The Bank of Japan (BoJ) is being cautious about unwinding its ultraloose monetary policy as it waits for further evidence of a virtuous cycle of growth led by wage growth. The BoJ Governor Kazuo Ueda suggested that the degree of certainty is gradually rising, in a press conference on January 23, but Japan’s October to December 2023 real GDP shrunk by 0.1% compared to the previous quarter, undershooting market forecast that expected growth of approximately 1%. Weak household consumption and private investments led to the two consecutive quarters of real GDP decline.

✓ Wage growth may not be sufficient to boost real household consumption
✓ A 0.1% policy rate increase will not be detrimental to the Japanese economy, but additional rate increases are unlikely

Even if wages rise by 3%~4%, real household consumption may not increase while Japan’s inflation rate hovers in the 2%~3% range. Firstly, the disposable income of wage earners will increase slower than gross salary due to bracket creeping because income deductions and tax brackets do not automatically adjust for inflation in Japan. Secondly, consumption will grow more gradually than disposable income because households in their prime earning years typically save a large percentage of incremental disposable income growth for home purchases, children’s education, and retirement. In addition, households are accumulating cash to pay down their housing loans for when interest rates start to rise, as most housing loans in Japan have floating or fixed-to-floating interest rates.

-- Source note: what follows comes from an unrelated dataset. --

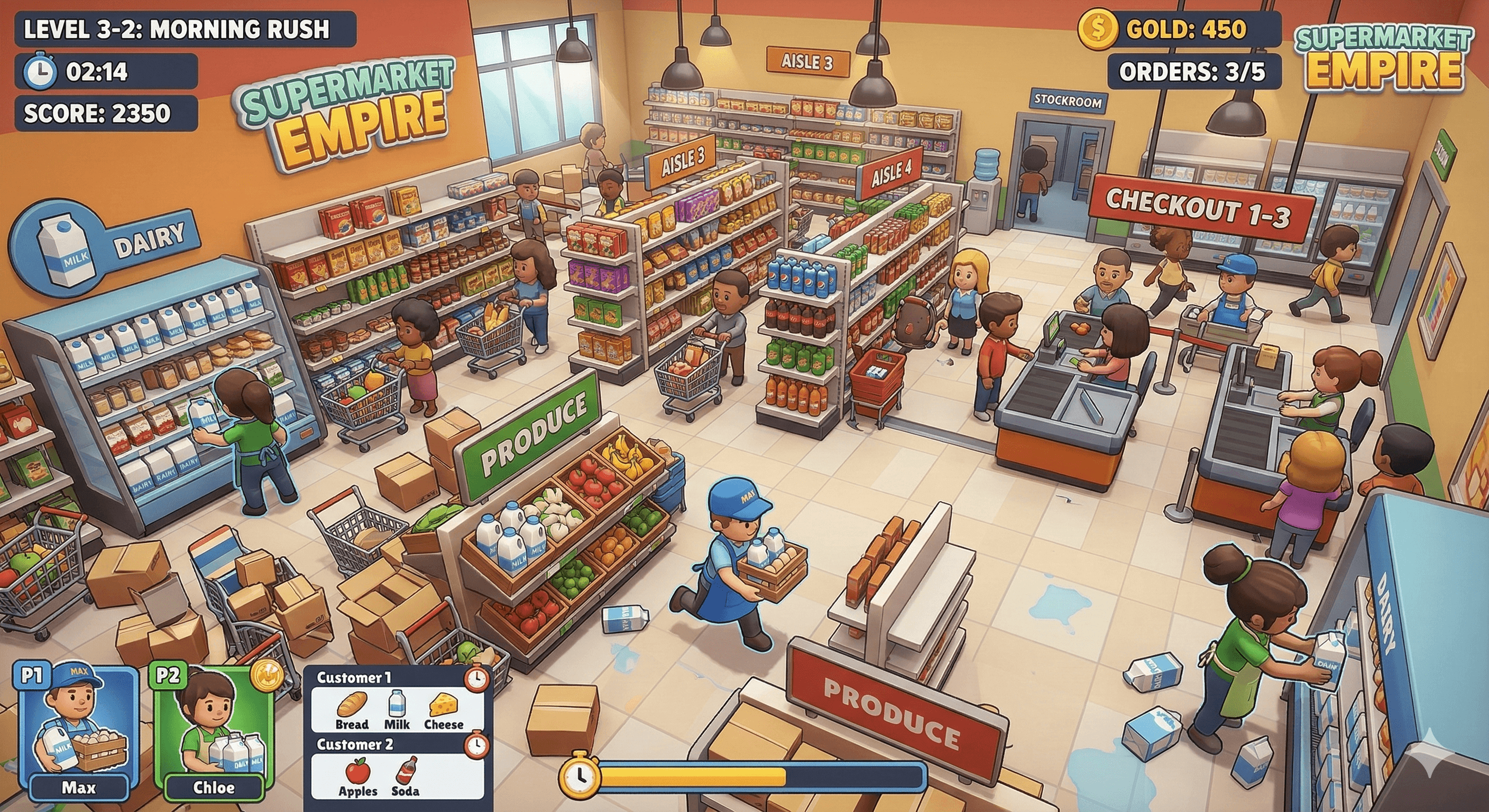 Supermarket Empire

Social benefit recipients tend to spend a more significant percentage of their disposable income, but real consumption growth will lag inflation because benefits are structured to increase slower than inflation to protect the national pension system.

On the other hand, the negative impact on the Japanese economy should be limited if the BoJ’s policy rate increase is limited to 0.1% because real interest rates will remain negative as the inflation rate hovers in the 2%~3% range.

Moreover, the short-term prime rate, which is used as the benchmark for most floating-rate housing loans and loans to small and medium-sized enterprises may not go up in tandem. As a precedent, the benchmark rate has remained unchanged at 1.475% since 2009 when the policy rate was 0.1%. Banks have also reduced their cost base so it may not be necessary to raise the rate.